Deep learning applications usually involve complex optimisation problems that are often difficult to solve analytically. Often the objective function itself may not be in analytically closed-form, which means that the objective function only permits function evaluations without any gradient evaluations. This is where Zeroth-Order comes in.
Optimisation corresponding to the above types of problems falls into the category of Zeroth-Order (ZO) optimisation with respect to the black-box models, where explicit expressions of the gradients are hard to estimate or infeasible to obtain.
Researchers from IBM Research and MIT-IBM Watson AI Lab discussed the topic of Zeroth-Order optimisation at the on-going Computer Vision and Pattern Recognition (CVPR) 2020 conference.
In this article, we will take a dive into what Zeroth-Order optimisation is and how this method can be applied in complex deep learning applications.
Behind ZO Optimisation
Zeroth-Order (ZO) optimisation is a subset of gradient-free optimisation that emerges in various signal processing as well as machine learning applications.
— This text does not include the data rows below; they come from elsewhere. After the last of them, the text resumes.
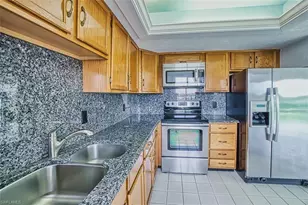 7430 Lake Breeze Dr, Fort Myers, FL 33907 - Photo 6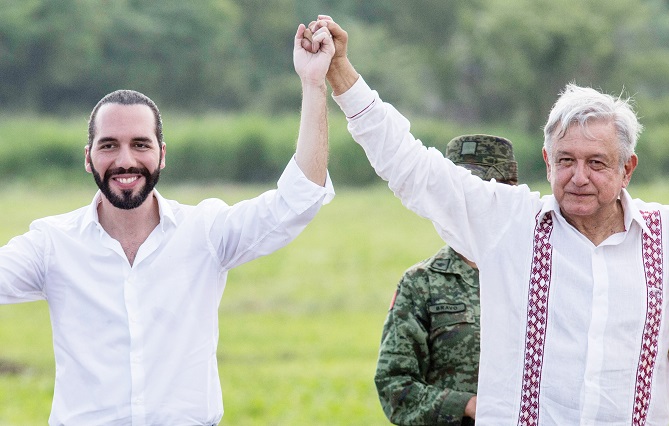  صفعة على وجه رئيس السيلفادور من نظيره المكسيكي 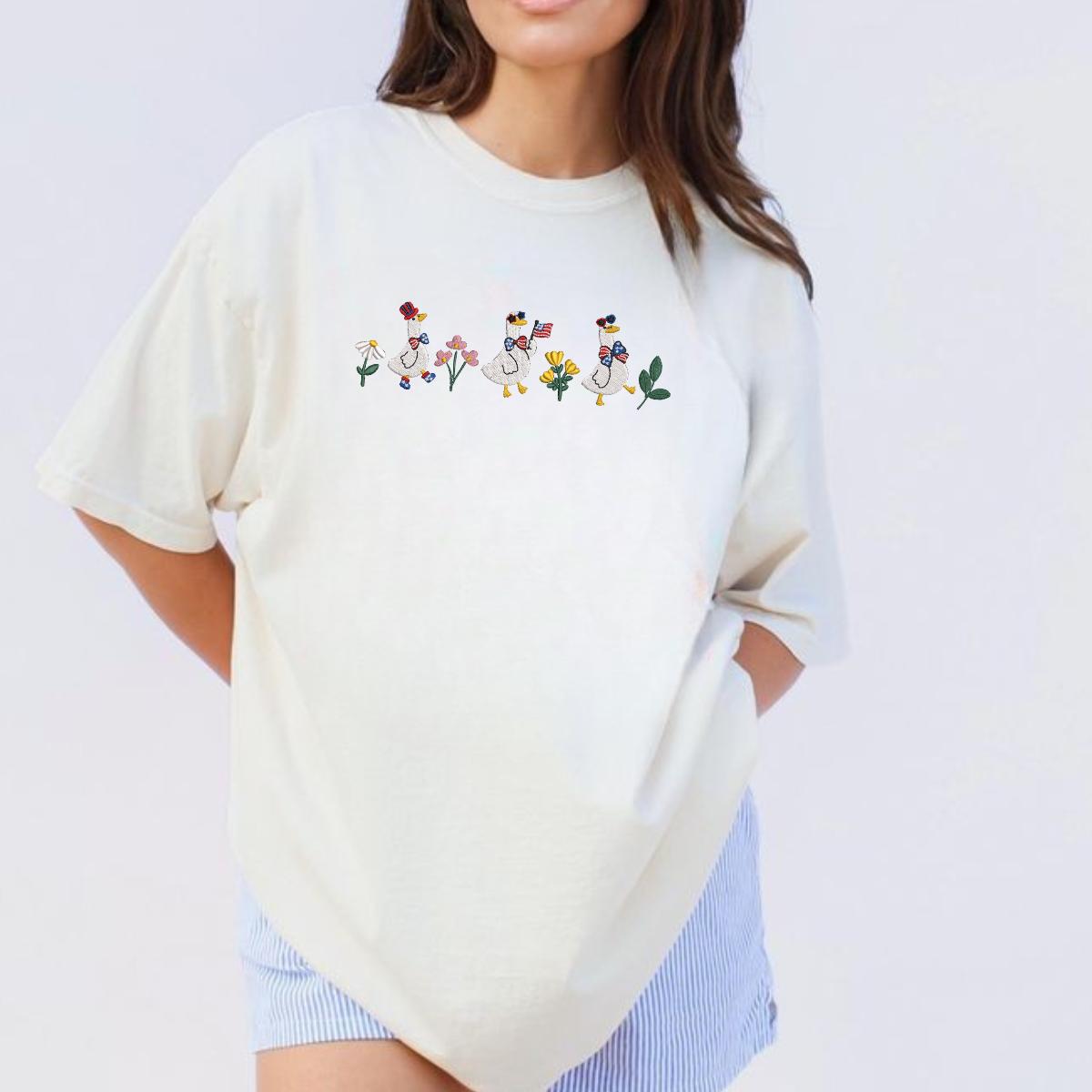 Patriot Floral Goose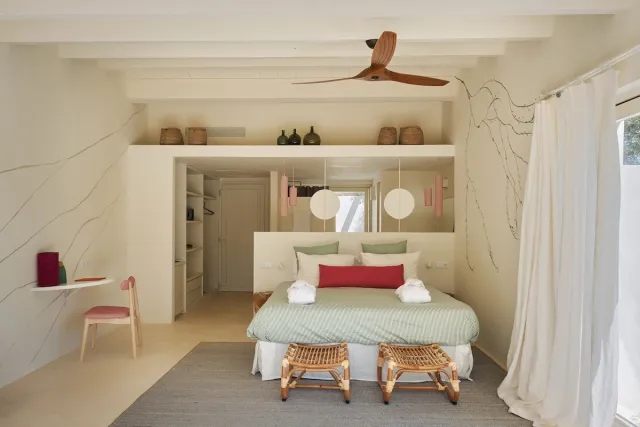 Signature suite met privézwembad in het tuingedeelte — Hotel Rural Morvedra Nou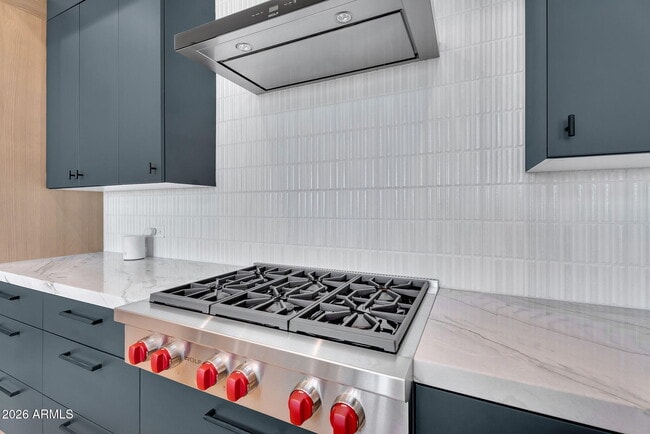 Building Photo - 6975 North 39th Pl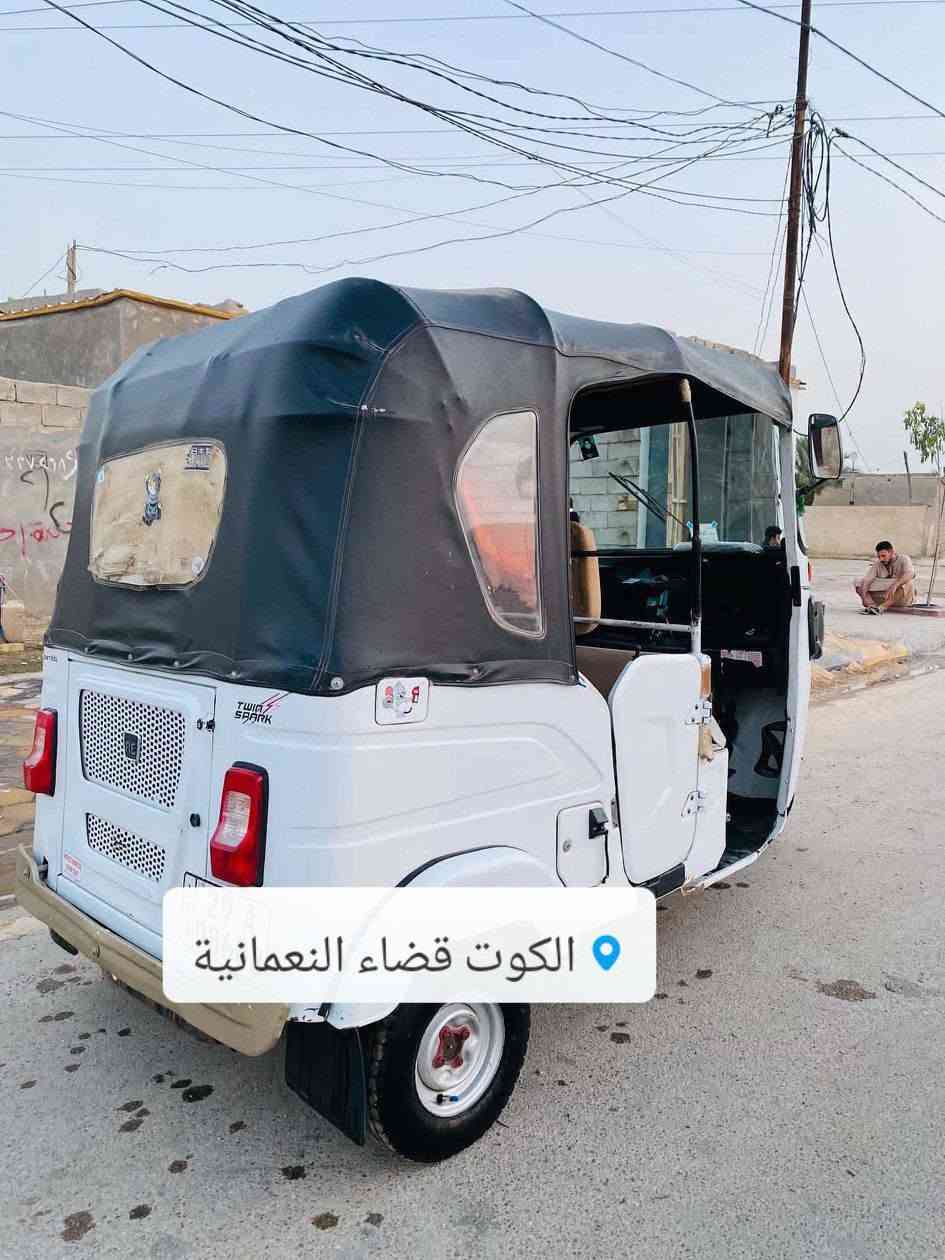 السلام عليكم شباب تكتك للبيع موديل 2022 رقم وسنويه تحويل مباشر دراجه حلوه وخير من الله كهربائيات كله شغاله  تخم تاير جديد لا تبخير لا تنقيص خير من الله الف ماذب عليه كبل للشارع مكاني واسط قضاء النعمانيه الشراي يتصل أو خاص هاذه الرقم (*********** ) وبيكم خير وتدللون السعر 7700وبيه مجال قليل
ZO optimisation methods are basically the gradient-free counterparts of first-order (FO) optimisation techniques. ZO approximates the full gradients or stochastic gradients through function value-based gradient estimates.
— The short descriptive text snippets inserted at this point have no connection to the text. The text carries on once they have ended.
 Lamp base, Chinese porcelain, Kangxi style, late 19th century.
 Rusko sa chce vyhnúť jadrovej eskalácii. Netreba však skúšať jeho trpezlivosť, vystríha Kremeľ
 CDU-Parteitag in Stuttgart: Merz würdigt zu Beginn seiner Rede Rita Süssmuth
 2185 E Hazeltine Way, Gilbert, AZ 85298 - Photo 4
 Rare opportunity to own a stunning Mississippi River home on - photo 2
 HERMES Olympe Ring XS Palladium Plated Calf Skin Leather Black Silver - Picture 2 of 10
Derivative-Free methods for black-box optimisation has been studied by the optimisation community for many years now. However, conventional Derivative-Free optimisation methods have two main shortcomings that include difficulties to scale to large-size problems and lack of convergence rate analysis.
ZO optimisation has the following three main advantages over the Derivative-Free optimisation methods: –
- Ease of implementation with only small modification of commonly-used gradient-based algorithms
- Computationally efficient approximations to derivatives when they are difficult to compute
- Comparable convergence rates to first-order algorithms
Applications Of ZO Optimisation
ZO optimisation has drawn increasing attention due to its success in solving emerging signal processing and deep learning as well as machine learning problems. This optimisation method serves as a powerful and practical tool for evaluating adversarial robustness of deep learning systems.
According to Pin-Yu Chen, a researcher at IBM Research, Zeroth-order (ZO) optimisation achieves gradient-free optimisation by approximating the full gradient via efficient gradient estimators.
Some recent important applications include generation of prediction-evasive, black-box adversarial attacks on deep neural networks, generation of model-agnostic explanation from machine learning systems, and design of gradient or curvature regularised robust ML systems in a computationally-efficient manner. In addition, the use cases span across automated ML and meta-learning, online network management with limited computation capacity, parameter inference of black-box/complex systems, and bandit optimisation in which a player receives partial feedback in terms of loss function values revealed by her adversary.
ZO Optimisation For Adversarial Robustness In Deep Learning
Talking about the application of ZO optimisation to the generation of prediction-evasive adversarial examples to fool DL models, the researchers stated that most studies on adversarial vulnerability of deep learning had been restricted to the white-box setting where the adversary has complete access and knowledge of the target system, such as deep neural networks.
In most of the cases, the internal states or configurations and the operating mechanism of deep learning systems are not revealed to the practitioners, for instance, Google Cloud Vision API. This in result gives rise to the issues of black-box adversarial attacks where the only mode of interaction of the adversary with the system is through the submission of inputs and receiving the corresponding predicted outputs.
ZO optimisation serves as a powerful and practical tool for evaluating adversarial robustness of deep learning as well as machine learning systems. ZO-based methods for exploring vulnerabilities of deep learning to black-box adversarial attacks are able to reveal the most susceptible features.
Such methods of ZO optimisation can be as effective as state-of-the-art white-box attacks, despite only having access to the inputs and outputs of the targeted deep neural networks. ZO optimisation can also generate explanations and provide interpretations of prediction results in a gradient-free and model-agnostic manner.
The interest in ZO optimisation has grown rapidly over the last few decades. According to the researchers, ZO optimisation has been increasingly embraced for solving big data and machine learning problems when explicit expressions of the gradients are difficult to compute or infeasible to obtain.